Auto和Void之间的区别？

Question

I am reading the C++ Primer Book (fifth edition) and I have a question upon the book i am reading. It says:

The type void* is a special pointer type that can hold the address of any object. Like any other pointer, a void* pointer holds an address, but the type of the object at that address is unknown.

Ok, so I understand that but… I have many contradictions to the statement. First of all, can't you use auto ? Doesn't it do the same thing as void ? Meaning aren't

void *somePtr;

and

auto *somePtr;

the same?

Second of all it says the type of the attached address is unknown. Can't you use typeid to get the type? Like this:

int a = 5;
auto *somePtr = 5;
std::cout << typeid(*somePtr).name() << std::endl;

Answer 1

Did you try running your examples through a compiler? As it happens, neither

auto * p;  // error

nor

int a = 0;
void * p = &a;
std::cout << typeid(*p) << '\n';  // error

will compile while both

void * p;

and

int a = 0;
auto * p = &a;
std::cout << typeid(*p) << '\n';

are fine.

To give an informal and easy to remember analogy for void * and auto * , think of void * p as telling the compiler

Don't care about what p pointer points to, I'll handle it myself (at run-time).

whereas auto * p = (expression) tells the compiler

Please figure out for me (at compile-time) what (pointer) type (expression) evaluates to and make the type of p be accordingly.

As a matter of fact, auto * is rarely useful. You can simply write auto instead and if the initializing expression is a pointer type, the auto will be deduced to be a pointer, too.

Answer 2

auto uses compile-time type inference : the variable has a definite type which is its correct type, however the type is inferred from its value. Throughout the lifetime of the auto variable, the compiler will ensure that it is being used in accordance with its actual inferred type

void* can indeed hold the address of any object, but as opposed to auto , you must explicitly convert the void* pointer to a different type before using it.
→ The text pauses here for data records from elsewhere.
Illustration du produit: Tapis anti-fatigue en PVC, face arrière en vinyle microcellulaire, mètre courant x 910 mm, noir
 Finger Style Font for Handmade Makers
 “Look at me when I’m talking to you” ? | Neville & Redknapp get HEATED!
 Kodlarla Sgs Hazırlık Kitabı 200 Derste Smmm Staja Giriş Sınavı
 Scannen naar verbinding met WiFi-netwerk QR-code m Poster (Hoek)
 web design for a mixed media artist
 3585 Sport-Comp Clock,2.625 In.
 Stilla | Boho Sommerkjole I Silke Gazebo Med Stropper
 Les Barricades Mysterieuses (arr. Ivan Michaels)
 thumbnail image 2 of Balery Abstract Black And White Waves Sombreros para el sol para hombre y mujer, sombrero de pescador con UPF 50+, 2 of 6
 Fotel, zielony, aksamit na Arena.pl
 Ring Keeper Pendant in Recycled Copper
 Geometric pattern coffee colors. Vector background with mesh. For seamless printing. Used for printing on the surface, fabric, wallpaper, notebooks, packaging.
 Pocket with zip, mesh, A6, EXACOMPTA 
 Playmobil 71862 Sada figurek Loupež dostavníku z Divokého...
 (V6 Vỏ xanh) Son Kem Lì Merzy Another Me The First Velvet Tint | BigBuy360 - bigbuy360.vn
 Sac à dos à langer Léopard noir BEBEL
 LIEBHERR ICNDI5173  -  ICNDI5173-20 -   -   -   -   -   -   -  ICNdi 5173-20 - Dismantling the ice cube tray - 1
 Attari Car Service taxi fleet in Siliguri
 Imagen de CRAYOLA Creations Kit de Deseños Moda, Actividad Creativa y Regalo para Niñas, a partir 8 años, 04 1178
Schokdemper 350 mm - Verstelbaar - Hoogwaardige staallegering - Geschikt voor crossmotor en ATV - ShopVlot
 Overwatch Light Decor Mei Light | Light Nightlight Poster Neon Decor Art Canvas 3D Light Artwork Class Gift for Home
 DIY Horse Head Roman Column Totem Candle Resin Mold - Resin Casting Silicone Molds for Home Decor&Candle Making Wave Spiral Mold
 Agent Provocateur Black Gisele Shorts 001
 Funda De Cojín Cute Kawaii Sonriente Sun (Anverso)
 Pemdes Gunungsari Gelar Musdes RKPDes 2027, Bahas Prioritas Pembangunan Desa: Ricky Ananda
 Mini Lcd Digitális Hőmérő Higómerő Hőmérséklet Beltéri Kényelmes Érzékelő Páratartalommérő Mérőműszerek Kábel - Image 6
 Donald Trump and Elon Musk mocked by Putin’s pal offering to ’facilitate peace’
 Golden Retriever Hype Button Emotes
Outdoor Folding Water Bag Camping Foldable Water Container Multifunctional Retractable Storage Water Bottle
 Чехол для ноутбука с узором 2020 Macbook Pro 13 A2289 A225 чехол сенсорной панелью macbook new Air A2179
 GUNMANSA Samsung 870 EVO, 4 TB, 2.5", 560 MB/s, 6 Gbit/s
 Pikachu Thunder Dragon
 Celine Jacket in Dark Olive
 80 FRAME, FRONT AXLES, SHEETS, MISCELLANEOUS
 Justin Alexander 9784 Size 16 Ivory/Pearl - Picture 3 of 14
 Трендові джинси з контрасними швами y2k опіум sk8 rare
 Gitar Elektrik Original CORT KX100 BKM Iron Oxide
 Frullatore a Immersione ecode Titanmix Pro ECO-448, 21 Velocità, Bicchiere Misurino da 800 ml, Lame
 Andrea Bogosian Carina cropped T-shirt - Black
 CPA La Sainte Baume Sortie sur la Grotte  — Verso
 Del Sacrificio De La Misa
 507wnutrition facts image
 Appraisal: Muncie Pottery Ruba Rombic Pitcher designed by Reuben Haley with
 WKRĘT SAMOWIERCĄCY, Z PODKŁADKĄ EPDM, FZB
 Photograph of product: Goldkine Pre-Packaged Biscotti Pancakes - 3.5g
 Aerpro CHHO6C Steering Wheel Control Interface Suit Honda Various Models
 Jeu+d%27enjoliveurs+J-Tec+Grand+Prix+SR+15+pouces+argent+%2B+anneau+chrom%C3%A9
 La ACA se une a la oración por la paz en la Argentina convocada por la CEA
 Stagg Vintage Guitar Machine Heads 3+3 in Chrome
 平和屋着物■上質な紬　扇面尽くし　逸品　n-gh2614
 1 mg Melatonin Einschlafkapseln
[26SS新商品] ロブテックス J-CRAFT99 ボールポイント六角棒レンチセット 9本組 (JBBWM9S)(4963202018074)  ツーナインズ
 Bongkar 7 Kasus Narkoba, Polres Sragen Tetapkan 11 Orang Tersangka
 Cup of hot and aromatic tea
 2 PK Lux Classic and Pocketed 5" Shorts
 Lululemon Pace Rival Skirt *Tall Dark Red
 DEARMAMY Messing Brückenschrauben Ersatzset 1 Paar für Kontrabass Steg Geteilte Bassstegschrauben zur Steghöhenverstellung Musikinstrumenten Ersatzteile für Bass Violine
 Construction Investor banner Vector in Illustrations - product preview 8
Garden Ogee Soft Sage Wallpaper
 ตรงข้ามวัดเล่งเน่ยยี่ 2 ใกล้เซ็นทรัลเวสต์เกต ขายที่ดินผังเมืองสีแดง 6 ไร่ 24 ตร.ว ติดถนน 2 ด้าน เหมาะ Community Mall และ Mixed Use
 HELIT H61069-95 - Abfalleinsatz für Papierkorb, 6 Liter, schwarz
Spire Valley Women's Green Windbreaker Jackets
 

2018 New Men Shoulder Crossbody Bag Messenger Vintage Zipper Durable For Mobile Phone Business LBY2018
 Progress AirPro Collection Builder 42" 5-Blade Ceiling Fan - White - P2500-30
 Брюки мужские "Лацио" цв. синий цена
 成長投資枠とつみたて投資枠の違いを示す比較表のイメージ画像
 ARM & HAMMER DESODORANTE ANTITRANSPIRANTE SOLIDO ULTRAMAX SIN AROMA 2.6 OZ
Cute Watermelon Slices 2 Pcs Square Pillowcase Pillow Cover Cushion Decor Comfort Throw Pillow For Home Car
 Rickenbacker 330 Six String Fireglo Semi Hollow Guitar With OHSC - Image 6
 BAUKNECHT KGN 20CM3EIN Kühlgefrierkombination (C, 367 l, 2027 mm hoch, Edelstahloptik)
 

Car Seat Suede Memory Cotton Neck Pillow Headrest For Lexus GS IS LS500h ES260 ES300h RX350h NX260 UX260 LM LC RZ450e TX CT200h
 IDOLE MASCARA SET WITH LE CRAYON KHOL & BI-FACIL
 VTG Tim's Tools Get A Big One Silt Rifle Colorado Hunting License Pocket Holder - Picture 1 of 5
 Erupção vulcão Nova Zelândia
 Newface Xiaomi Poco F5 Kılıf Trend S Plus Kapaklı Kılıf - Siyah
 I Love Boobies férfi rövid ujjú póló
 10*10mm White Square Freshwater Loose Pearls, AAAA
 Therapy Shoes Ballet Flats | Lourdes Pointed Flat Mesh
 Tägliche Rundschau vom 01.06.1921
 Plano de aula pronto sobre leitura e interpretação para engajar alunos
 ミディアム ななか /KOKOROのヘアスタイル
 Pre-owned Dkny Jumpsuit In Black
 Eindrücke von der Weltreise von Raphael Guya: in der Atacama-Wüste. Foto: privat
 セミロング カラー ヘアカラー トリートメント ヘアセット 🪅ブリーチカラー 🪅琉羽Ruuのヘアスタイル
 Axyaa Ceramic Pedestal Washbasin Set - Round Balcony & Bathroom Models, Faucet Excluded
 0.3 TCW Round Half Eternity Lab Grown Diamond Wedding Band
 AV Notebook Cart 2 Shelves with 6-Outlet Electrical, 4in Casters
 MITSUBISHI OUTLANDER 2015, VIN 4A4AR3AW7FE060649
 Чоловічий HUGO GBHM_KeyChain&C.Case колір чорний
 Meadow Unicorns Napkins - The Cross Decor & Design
Unlike auto that conversion is explicit, and unlike auto the compiler cannot warn about improper usage.

Answer 3

From the compiler's viewpoint :

• In C++11 auto uses the same rules of inference as template argument deduction . It basically tells the compiler: "Deduce the type from the initializer."
• void * tells the compiler: "Here is a pointer pointing to an object whose type cannot possibly be known at compile time."

For auto the actual type is deduced at compile time , so the compiler can warn about possible misuse.

For void * the actual type is deduced in code by the programmer using a reinterpret_cast to cast to a known pointer type, typically at the point of execution of that segment of code.

---

From the programmer's viewpoint :

• Hey compiler I'm too lazy or too clumsy to write the type. I'll just auto it and let you figure out the rest. (And it looks smaller than the type I was about to write. Except for int .)
• Hey compiler, don't you dare mess with my void * . I'll figure out the type at runtime myself (in code...) when I need it.
  • Useful for runtime polymorphism as the same pointer can be used to point to objects of different types as needed in the context.
  • Also useful if you are coding a base class and you client needs to store an object of an User Defined Type defined by the client.

---

So NO auto is NOT equivalent to void . void means nothing . In fact you can't even declare a variable of type void . void * however is a special type of pointer that can point to anything! And auto * is redundant, just use plain old auto instead.

In your example,

 int a = 5; auto *somePtr = 5; std::cout << typeid(*somePtr).name(); << std::endl; 

You assigned an address 5 to somePtr which is illegal. Needlessly stating that *somePtr is also illegal in that context. Although auto is probably deduced to an int , which is what you wanted to print.

Well with modern C++ techniques, you rarely see void * s and reinterpret_cast s or any raw pointers for instance except deep within any library implementation internals.

Answer 4

To answer your first question,

void and auto are not same. When you declare a variable of auto, it means it takes the data types of the value assigned .

for ex:

auto a = 5 // 'a' is of type integer

auto a = 5.0 // 'a' is of type float etc.,

The actual difference can be observed while dereferencing.

The above statement "the actual difference can be observed while dereferencing" answers your second question.

void* cannot be deferenced, whereas auto* can be deferenced

Answer 5

In case auto variable it will take data type of variable from whom it is getting assgnied. For example Auto obj = class_obj. Here data type of class_obj became data type of obj. You no need explicetly remember and type cast. In case void * you need to know data type and do type cast explicetly.